Stored data below:

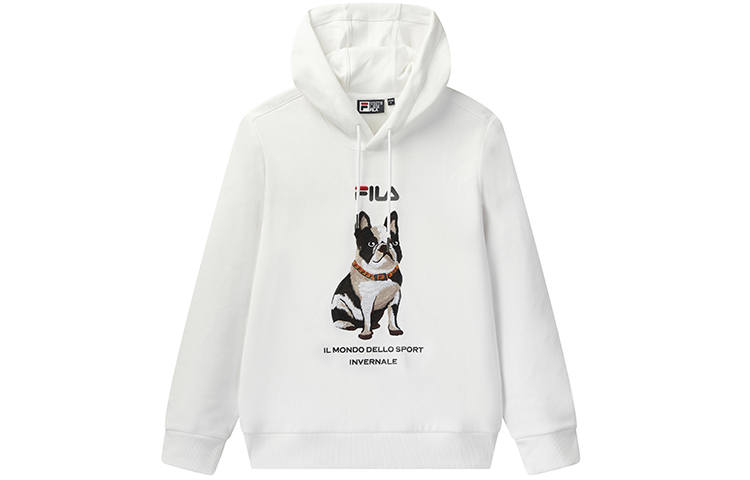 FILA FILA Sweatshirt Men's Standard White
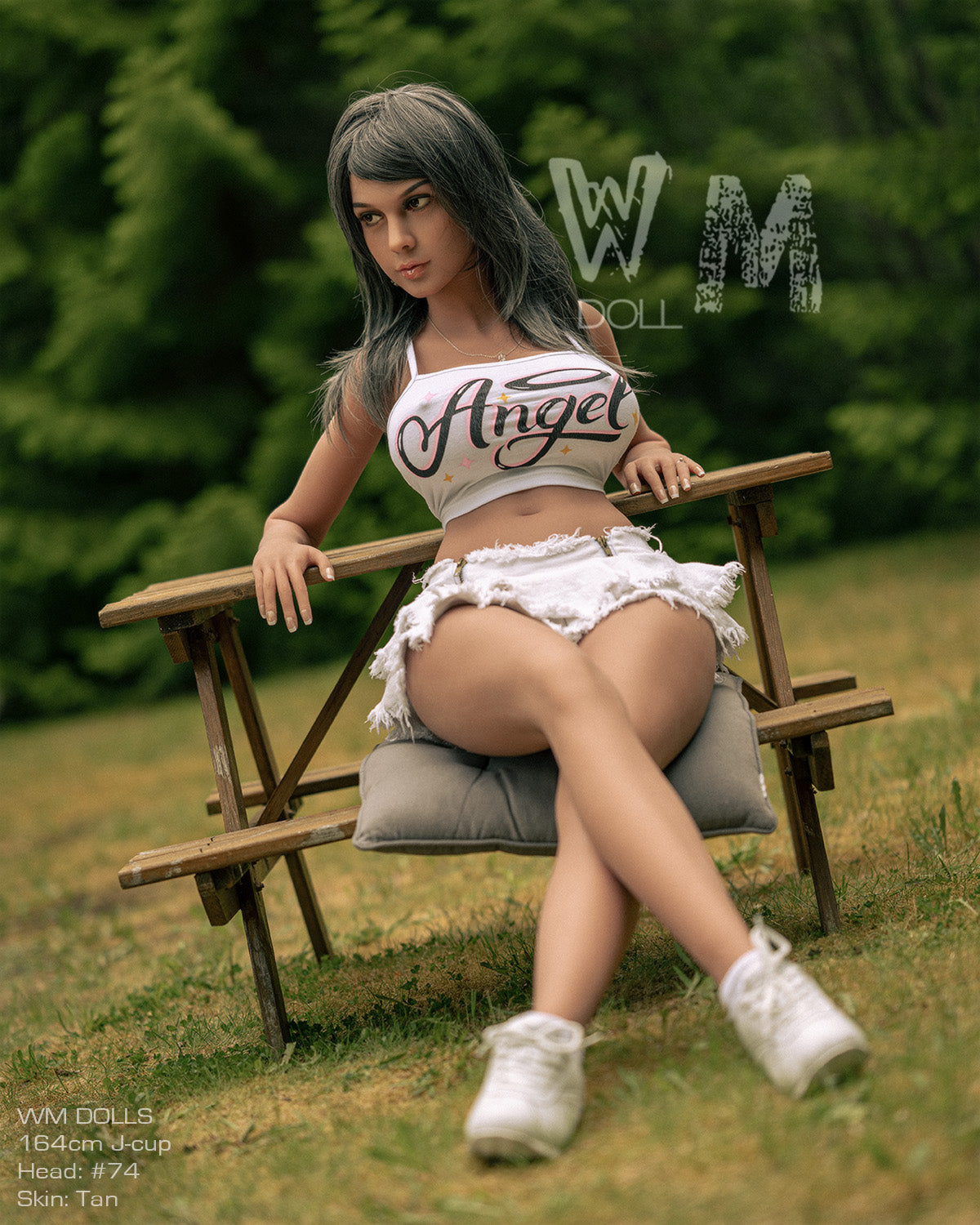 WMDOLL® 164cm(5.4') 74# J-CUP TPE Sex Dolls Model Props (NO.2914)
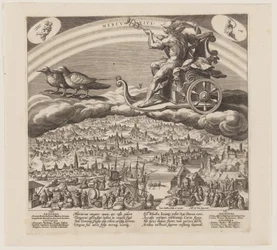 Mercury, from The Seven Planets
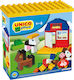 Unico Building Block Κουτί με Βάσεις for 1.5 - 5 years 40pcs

End of Stored data.

What is expected - Exactly the lines from the line that contains "WMDOLL® 164cm(5.4') 74#" through the last line above, and no other lines, must be output, with pictures excluded.

Response to the exercise -
 WMDOLL® 164cm(5.4') 74# J-CUP TPE Sex Dolls Model Props (NO.2914)
 Mercury, from The Seven Planets
 Unico Building Block Κουτί με Βάσεις for 1.5 - 5 years 40pcs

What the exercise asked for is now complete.